Most of the existing literature focuses on calculating the individual tree biomass of species in a single stand, and there is less research on this topic for complex stands. When acquiring individual tree parameters in complex stands, optical remote sensing can divide the stands but lacks three-dimensional (3D) data for individual trees. LIDAR can provide 3D data of individual trees but it cannot identify tree species [36,37,38]. Combining the data of multispectral forest division with LIDAR point cloud data allows identifying each tree species in a forest to obtain the parameters of individual tree biomass. Given these shortcomings, this study combines multispectral, UAV-LS, TLS, and other multi-source remote sensing data through the spectral identification of tree species: UAV-LS to obtain tree height and TLS to obtain DBH.

A practical UAV-LS+TLS+ multispectral method is proposed to estimate forest biomass. This method is applied to the Huyu campus of Taiyuan University of Technology. The tree species in the research area are classified by multispectral and field investigations, and the classified data are combined with LIDAR data to classify the tree species of the point-cloud data. The biomass of the classified point cloud tree species is then calculated. This study helps estimate forest biomass in a more convenient, efficient, and low-cost way compared to conventional approaches.

2. Materials and Methods

2.1. Study Site

A park in the Huyu campus of Taiyuan University of Technology was selected as the research area, which is located in the middle of Shanxi Province and the northern part of Jinzhong Basin. The geographical coordinates are 37°51′10″ to 37°51′12″ North and 112°31′8″ to 112°31′12″ East. The highest altitude in the study area is 799 m and the lowest altitude is 786 m; the average is 792 m. The area of the observed site is 0.007 km², and 115 trees were surveyed. The main tree species in the area are poplar, willow, lacebark pine, cypress, and clove tree. The location of the study area is illustrated in Figure 1.

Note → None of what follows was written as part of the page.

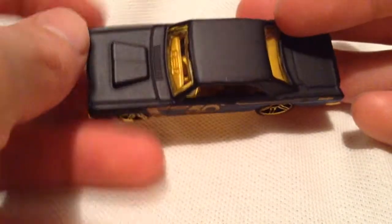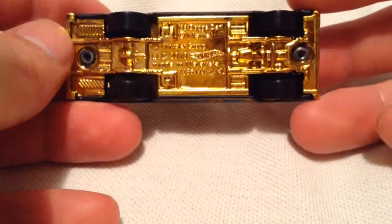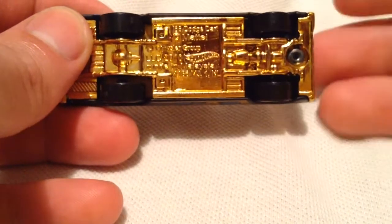See the gold interior? It's not a chrome gold, unlike the base, which is a chrome gold. Plastic base, of course. The body is metal.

2.2. Field Data Collection

2.2.1. Manual Data Collection

The species were investigated at the chosen location in April 2022. In April, trees in the study area had just sprouted and the collection of tree characteristic data at this time had little impact, which is beneficial for later vegetation identification and vegetation biomass modeling calculations. Consequently, we collected our data in April. The morphological characteristics of each species were considered, the position coordinates of the trees were measured with the GNSS instrument, and the diameter at the breast height of each tree was measured with a leather ruler. The GNSS equipment used is Hi-Target RTK, whose plane accuracy is ±0.25 m + 1 ppm and elevation accuracy is ±0.50 m + 1 ppm.

Table 1. Tree species and morphological characteristics from the study area.

Tree Species	Trees	Morphological Characteristics
Willow	17	Switch branches are slender, soft, and drooping; bark tissue is thick and longitudinally split; and the center of the old trunk is rotten and hollow.
Poplar	12	Bark grayish brown, fissured at the lower part; and sprouts thin, round, smooth, or slightly tomentose.
Clove tree	42	The trunk is forked; the crown is conical; and the bark is smooth, yellowish brown.
Lacebark pine	15	There is a large trunk; the branches are slender, obliquely spread, tower-shaped or umbrella-shaped crown; and winter buds are reddish-brown, oval, without resin.
Cypress	29	The bark is dark gray, and young trees often have branches that extend diagonally to form a spire-shaped canopy.

describes the tree species and morphological characteristics.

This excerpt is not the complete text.